Clamp a confidence value to [0.0, 1.0].

Local models often emit confidence on non-standard scales (e.g. 0-100 or 0-5) or as word labels (e.g. "high", "medium"). Rather than rejecting these as invalid, we normalize to the expected range so the rest of the pipeline can proceed.

Returns None for boolean, NaN, or infinite inputs.

Source code in src/gaze/utils/__init__.py
@beartype
def clamp_confidence(value: object) -> float | None:
    """Clamp a confidence value to [0.0, 1.0].

    Local models often emit confidence on non-standard scales (e.g. 0-100
    or 0-5) or as word labels (e.g. "high", "medium").  Rather than
    rejecting these as invalid, we normalize to the expected range so
    the rest of the pipeline can proceed.
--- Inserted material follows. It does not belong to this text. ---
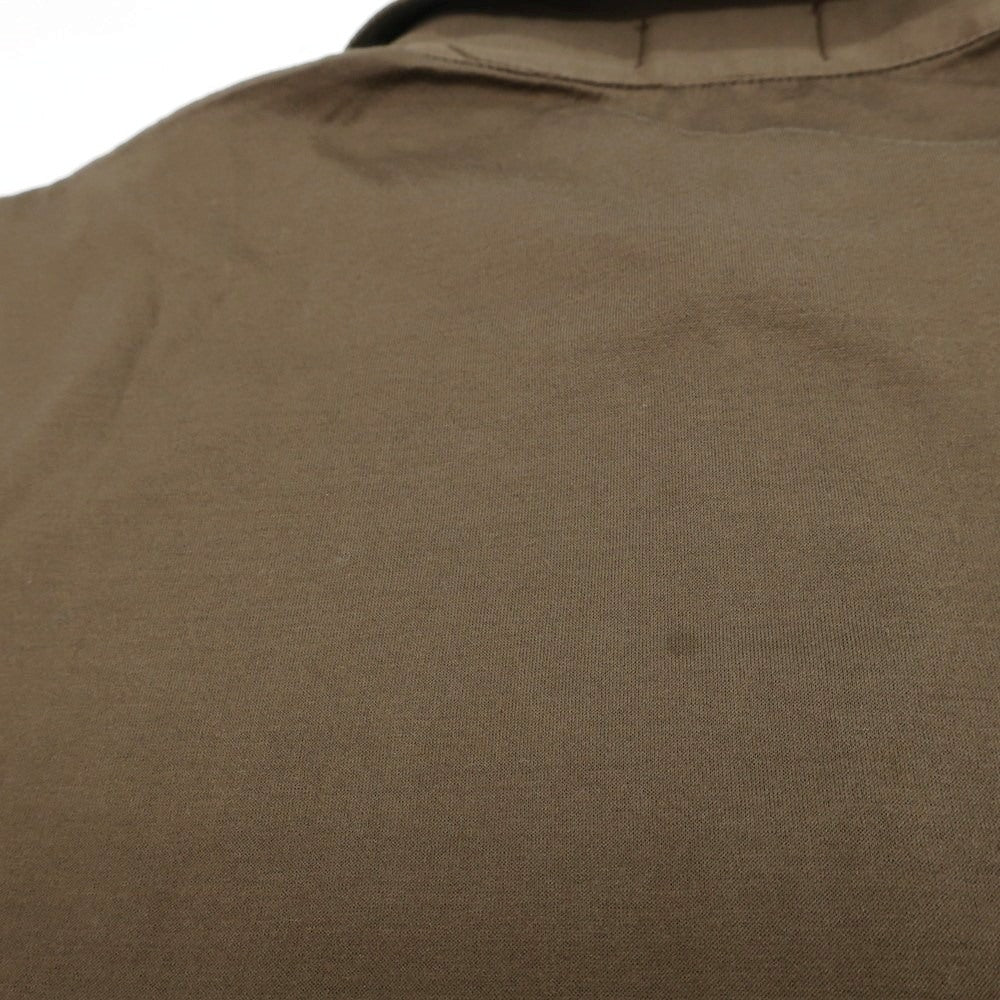 [Used] Drumohr Cotton Short Sleeve Polo Shirt Brown [S] [Condition Rank B] [Men&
    Returns None for boolean, NaN, or infinite inputs.
    """
    if isinstance(value, bool):
        return None
    # Handle word labels from local models (e.g. "high", "medium")
    if isinstance(value, str):
        label = value.strip().lower()
        if label in _CONFIDENCE_WORD_MAP:
            return _CONFIDENCE_WORD_MAP[label]
        # Try parsing as a numeric string (e.g. "0.85")
        try:
            f = float(label)
        except (ValueError, OverflowError):
            return None
        if math.isnan(f) or math.isinf(f):
            return None
        return max(0.0, min(1.0, f))
    if not isinstance(value, int | float):
        return None
    f = float(value)
    if math.isnan(f) or math.isinf(f):
        return None
    return max(0.0, min(1.0, f))